→ **Task to complete**: What are the lines from the one containing "医疗事故赔偿主体有哪些思维导图" through the last line of the records below? Return them exactly, leaving out pictures.

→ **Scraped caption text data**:
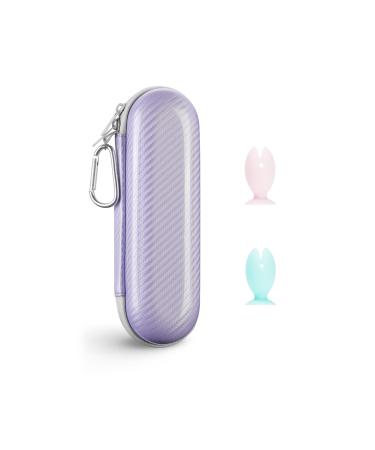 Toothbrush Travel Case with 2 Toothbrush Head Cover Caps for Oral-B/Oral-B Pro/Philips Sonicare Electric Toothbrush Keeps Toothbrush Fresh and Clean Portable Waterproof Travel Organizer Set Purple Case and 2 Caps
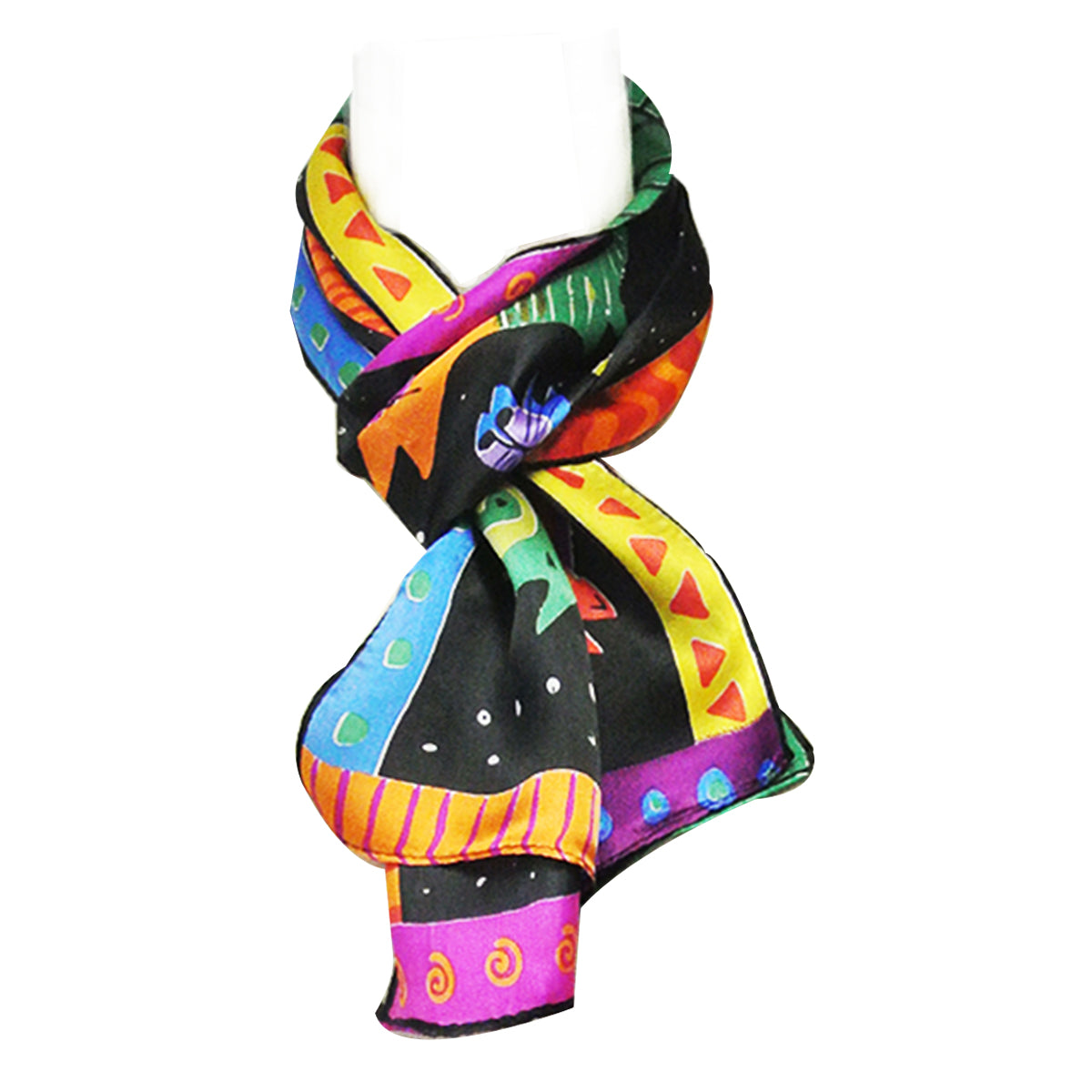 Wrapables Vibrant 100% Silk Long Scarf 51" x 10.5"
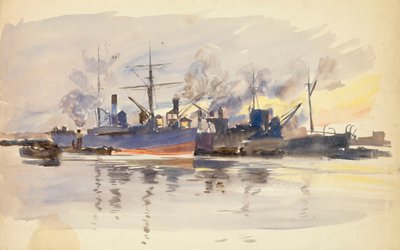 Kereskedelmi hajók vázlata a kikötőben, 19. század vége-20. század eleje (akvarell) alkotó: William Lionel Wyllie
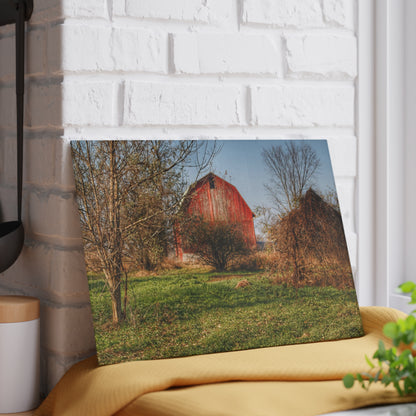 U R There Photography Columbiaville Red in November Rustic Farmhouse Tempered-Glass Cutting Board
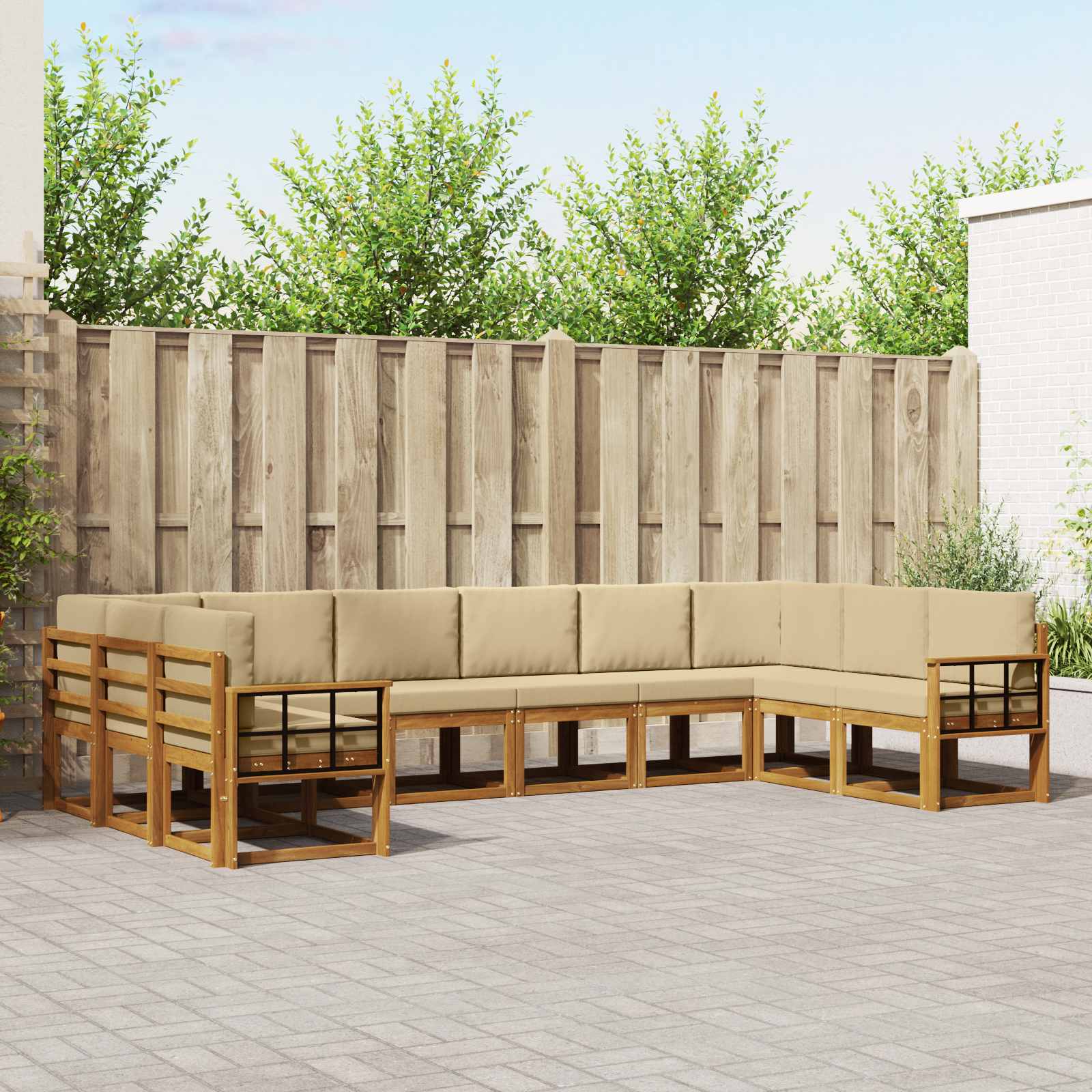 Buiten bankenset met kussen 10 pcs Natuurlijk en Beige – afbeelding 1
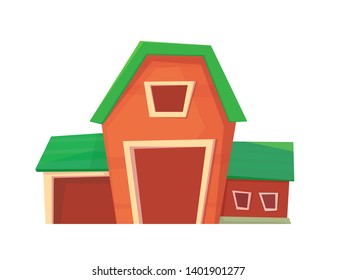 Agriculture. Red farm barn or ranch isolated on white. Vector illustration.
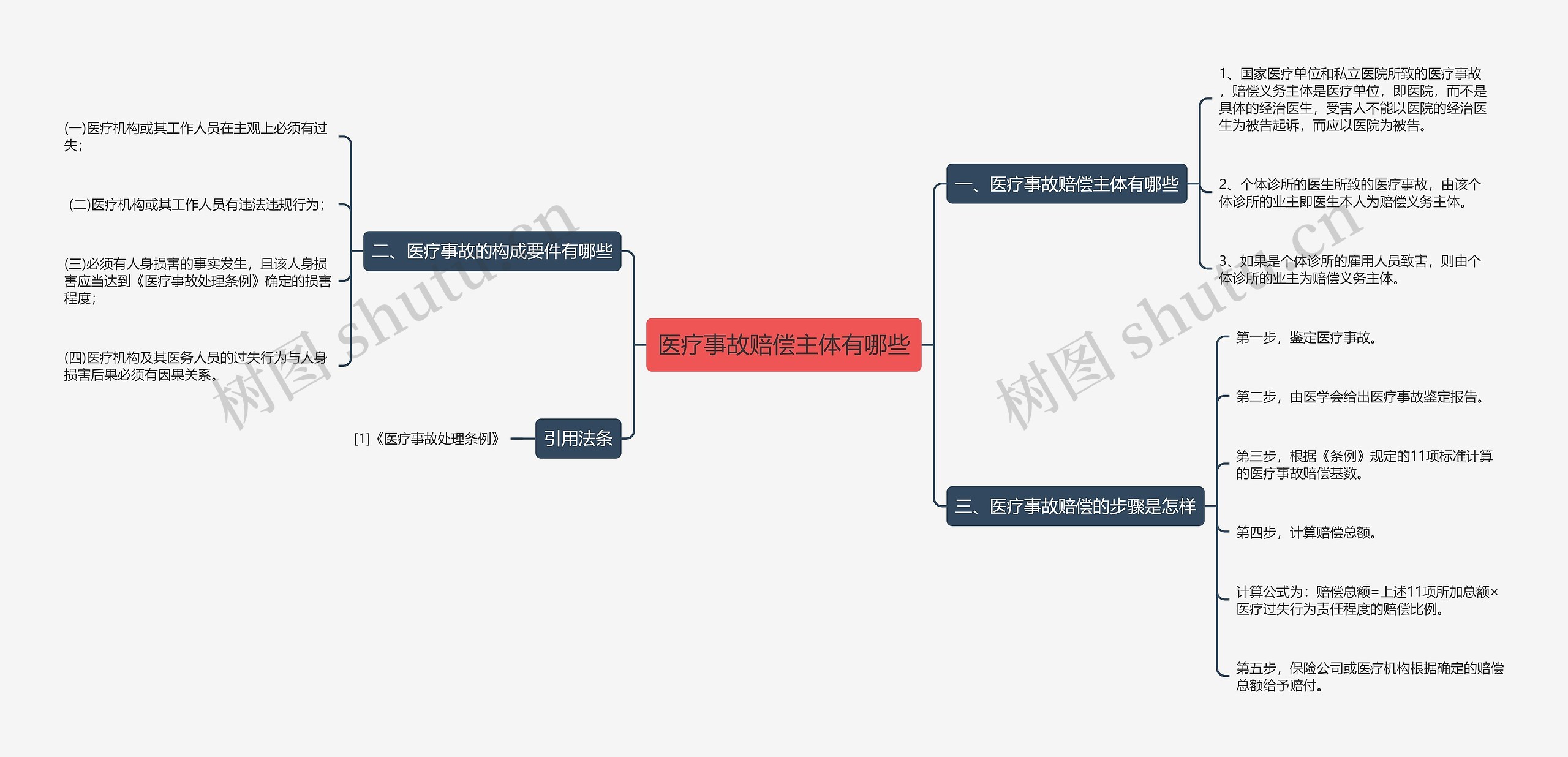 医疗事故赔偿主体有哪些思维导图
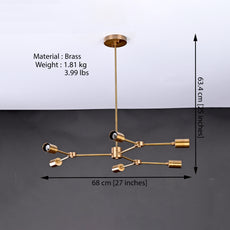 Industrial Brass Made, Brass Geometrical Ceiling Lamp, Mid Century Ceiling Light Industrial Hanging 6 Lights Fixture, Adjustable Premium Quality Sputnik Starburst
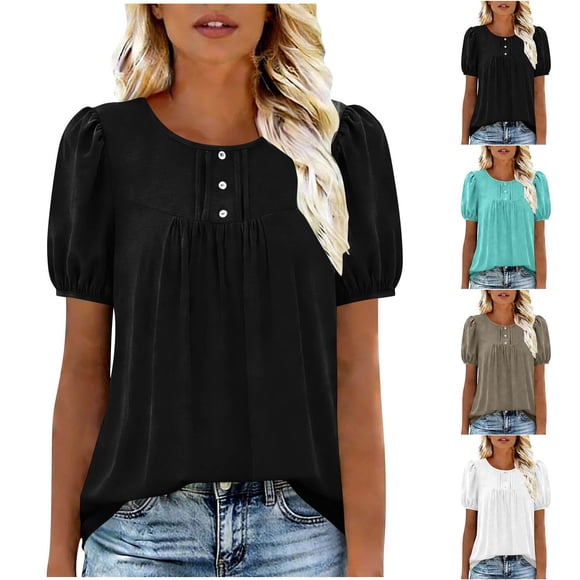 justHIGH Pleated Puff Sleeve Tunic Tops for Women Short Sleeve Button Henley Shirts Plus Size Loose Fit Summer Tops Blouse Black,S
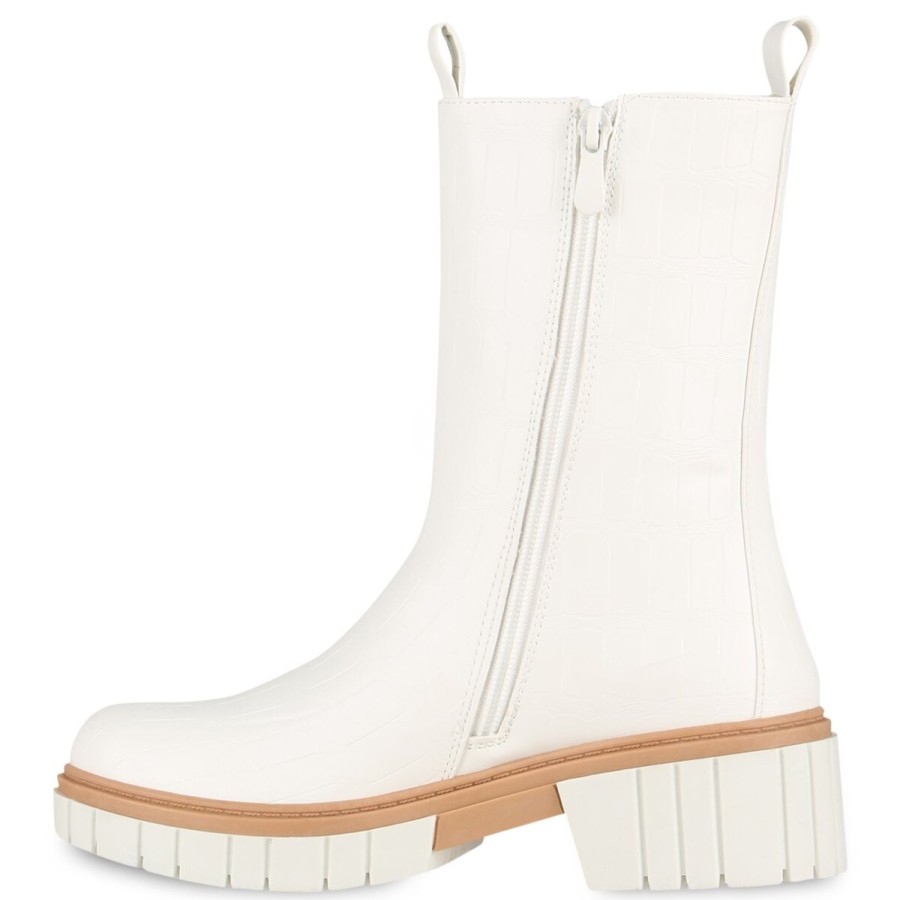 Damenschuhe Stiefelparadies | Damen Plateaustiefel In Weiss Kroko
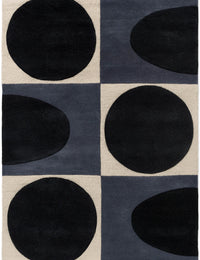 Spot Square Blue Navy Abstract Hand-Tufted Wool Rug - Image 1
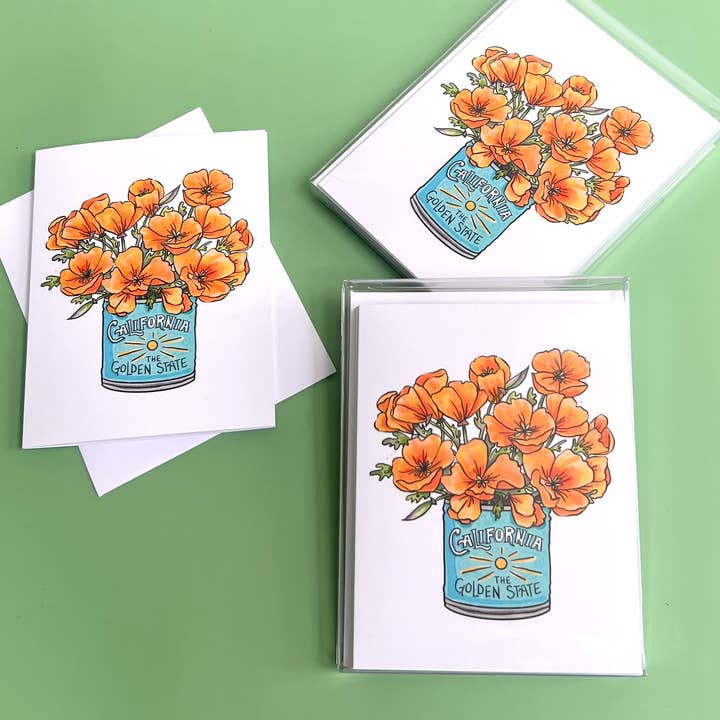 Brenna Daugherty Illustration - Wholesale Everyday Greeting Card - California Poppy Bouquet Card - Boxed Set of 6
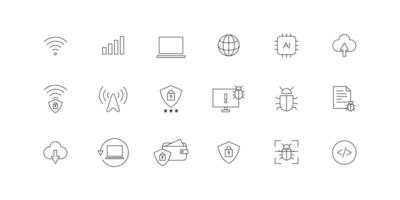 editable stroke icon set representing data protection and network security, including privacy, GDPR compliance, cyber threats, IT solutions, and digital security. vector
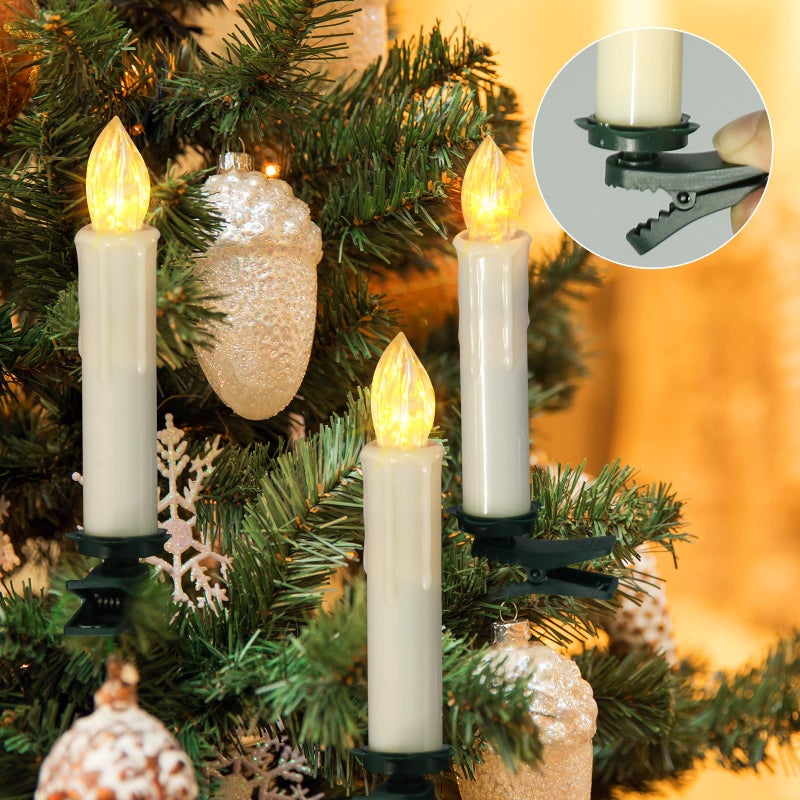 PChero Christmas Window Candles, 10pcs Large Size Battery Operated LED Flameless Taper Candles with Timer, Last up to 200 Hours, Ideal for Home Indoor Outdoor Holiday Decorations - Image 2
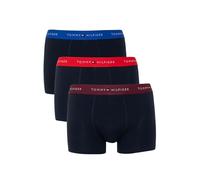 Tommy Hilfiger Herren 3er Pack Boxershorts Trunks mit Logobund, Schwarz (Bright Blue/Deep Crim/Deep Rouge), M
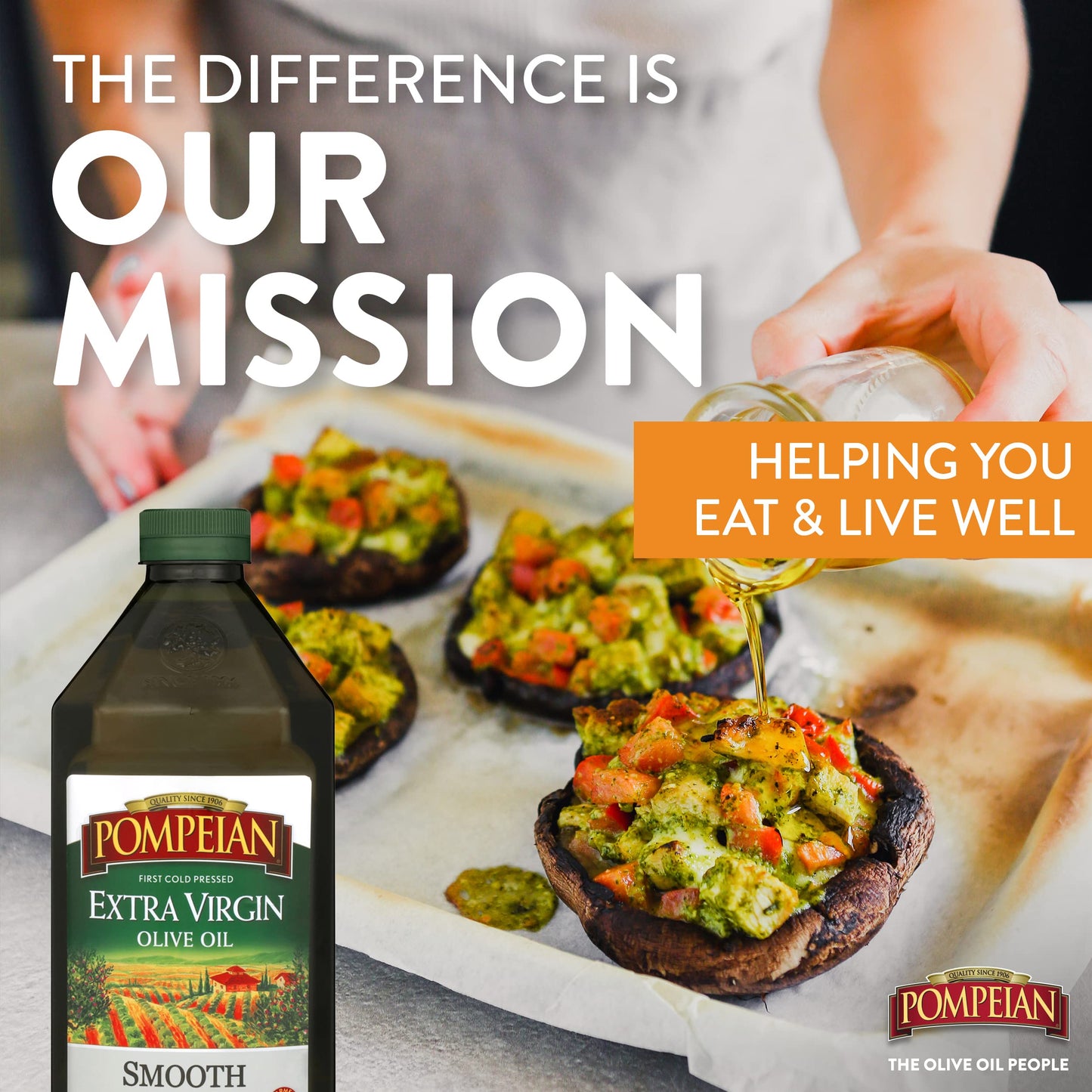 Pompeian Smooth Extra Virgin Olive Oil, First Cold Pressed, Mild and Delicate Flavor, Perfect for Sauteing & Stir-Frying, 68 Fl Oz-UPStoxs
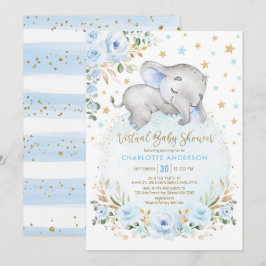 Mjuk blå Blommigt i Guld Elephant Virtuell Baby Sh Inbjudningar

→ **Result of the exercise**:
 医疗事故赔偿主体有哪些思维导图
 Industrial Brass Made, Brass Geometrical Ceiling Lamp, Mid Century Ceiling Light Industrial Hanging 6 Lights Fixture, Adjustable Premium Quality Sputnik Starburst
 justHIGH Pleated Puff Sleeve Tunic Tops for Women Short Sleeve Button Henley Shirts Plus Size Loose Fit Summer Tops Blouse Black,S
 Damenschuhe Stiefelparadies | Damen Plateaustiefel In Weiss Kroko
 Spot Square Blue Navy Abstract Hand-Tufted Wool Rug - Image 1
 Brenna Daugherty Illustration - Wholesale Everyday Greeting Card - California Poppy Bouquet Card - Boxed Set of 6
 editable stroke icon set representing data protection and network security, including privacy, GDPR compliance, cyber threats, IT solutions, and digital security. vector
 PChero Christmas Window Candles, 10pcs Large Size Battery Operated LED Flameless Taper Candles with Timer, Last up to 200 Hours, Ideal for Home Indoor Outdoor Holiday Decorations - Image 2
 Tommy Hilfiger Herren 3er Pack Boxershorts Trunks mit Logobund, Schwarz (Bright Blue/Deep Crim/Deep Rouge), M
 Pompeian Smooth Extra Virgin Olive Oil, First Cold Pressed, Mild and Delicate Flavor, Perfect for Sauteing & Stir-Frying, 68 Fl Oz-UPStoxs
 Mjuk blå Blommigt i Guld Elephant Virtuell Baby Sh Inbjudningar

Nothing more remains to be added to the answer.